LORENZO CRESPI
Cronaca

Biandronno, Beko annuncia 541 esuberi. A rischio anche gli impiegati

La proprietà fabbrica ex Whirlpool ha annunciato il taglio delle linee produttive dei frigoriferi. I sindacati: “Con questo piano muore un’intera provincia”

Un presidio dei dipendenti Beko fuori dalla fabbrica di Cassinetta di Biandronno

Un presidio dei dipendenti Beko fuori dalla fabbrica di Cassinetta di Biandronno

Biandronno (Varese), 25 novembre 2024 – Lo stabilimento Beko di Cassinetta di Biandronno è il più grande impianto produttivo di elettrodomestici in Italia, con circa 2.200 dipendenti, a cui se ne aggiungono altrettanti nell’indotto. Nel Varesotto si teme quindi per migliaia di posti di lavoro che dipendono direttamente dal futuro della fabbrica ex Whirlpool. All’ultimo tavolo ministeriale, la proprietà ha annunciato il taglio delle linee produttive dei frigoriferi, con 541 esuberi previsti dal 2026. Ma a Cassinetta sono a rischio anche gli impiegati, almeno 200.

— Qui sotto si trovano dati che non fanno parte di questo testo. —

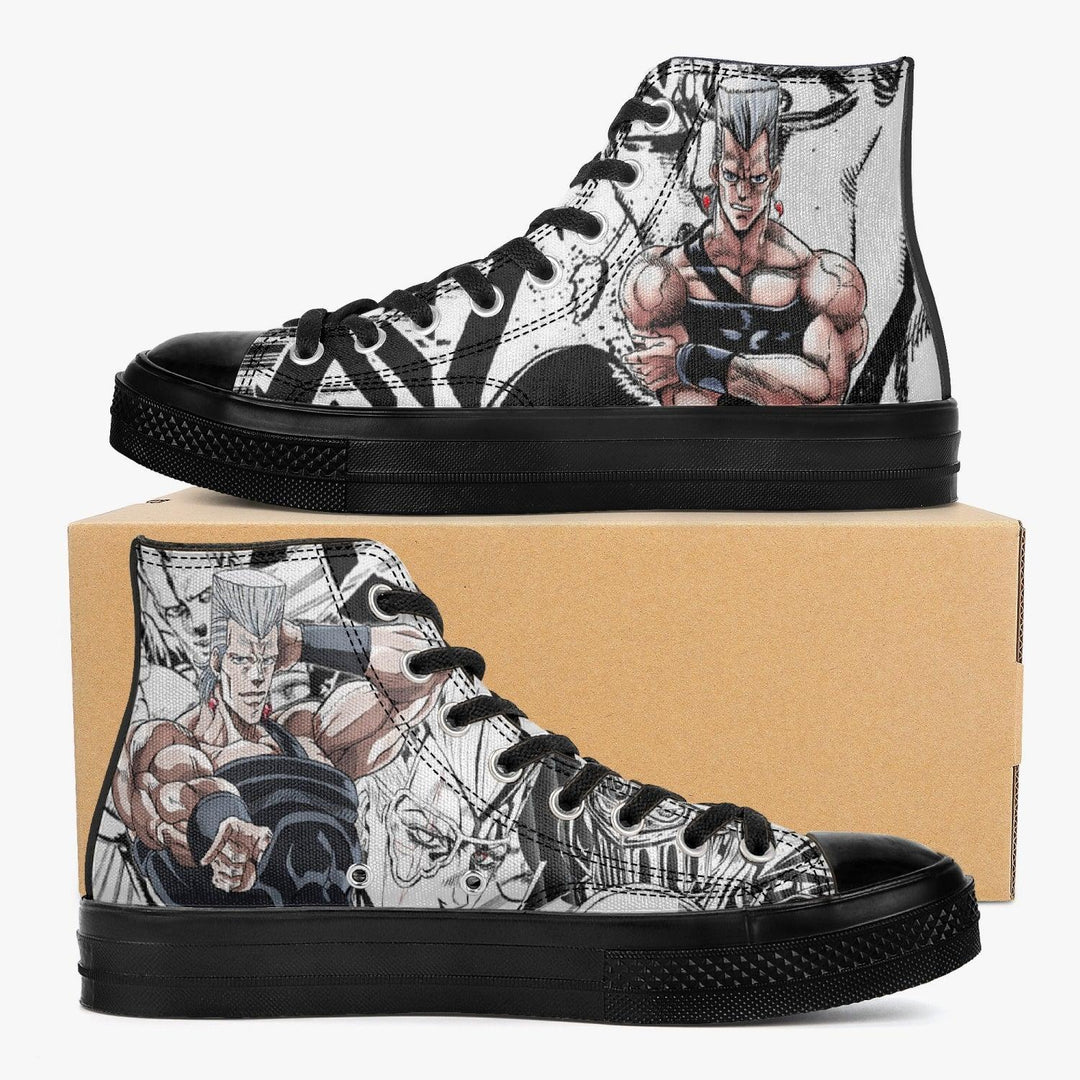 JoJo's Bizarre Adventure Jean Pierre Polnarteff A-Star High Anime Shoes _ JoJo's Bizarre Adventure _ Ayuko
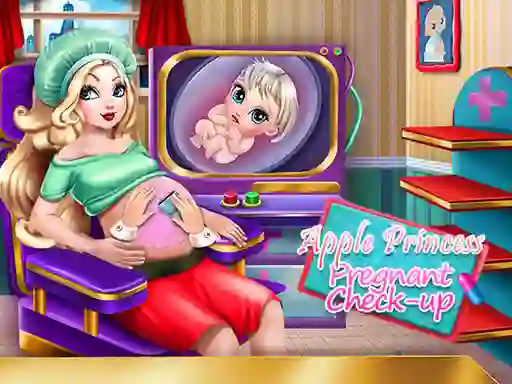 Apple Princess Pregnant Check Up — δωρεάν online παιχνίδι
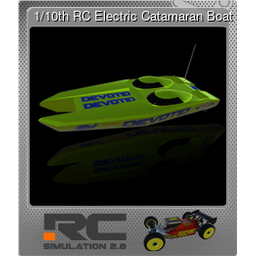 1/10th RC Electric Catamaran Boat (Foil)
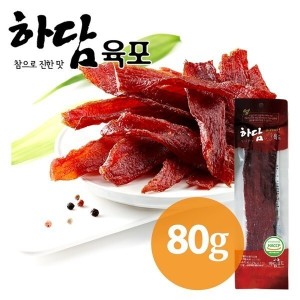 하담푸드 하담푸드 하담푸드 소고기육포 80g 간식 안주 단백질 군것질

“È un piano di distruzione industriale, è inaccettabile - commenta Gennaro Aloisio, segretario della Fim Cisl dei Laghi - con questo piano muore un’intera provincia. Non hanno presentato un piano industriale ma un piano commerciale”. Il 10 dicembre ci sarà il prossimo incontro con proprietà e Mimit. “Il Governo ha detto all’azienda di ripresentarsi con un piano occupazionale che possa dare futuro al nostro settore industriale. Noi - sottolinea Aloisio - non molleremo nulla, per tenere l’occupazione nel paese”.

Tra gli operai di Beko c’è chi come Gianpaolo Garzonio lavora a Cassinetta da 36 anni, proprio nella fabbrica di frigoriferi che è il settore più in difficoltà. “Ne ho viste tante di crisi - ricorda - ma questa è più grave ancora degli esuberi fatti nel 2000, quando tutto sommato siamo riusciti a gestirli. Ora è ancora peggio perché vuol dire chiudere una fabbrica, chiudere la produzione di tutti i frigoriferi, è gravissima la cosa”. A catena infatti rischia di cadere tutto il sito. “Senza i frigoriferi non esistono più neanche i microonde e le cucine, quindi vuol dire chiudere”.

Roberto Di Flora, da 34 anni in azienda, spera che non sia tutto perduto. “Penso che qualche margine di trattativa ci sia, le multinazionali sparano alto per poi magari fare qualche retromarcia anche di fronte alle proteste che gli operai stanno facendo in questi giorni”.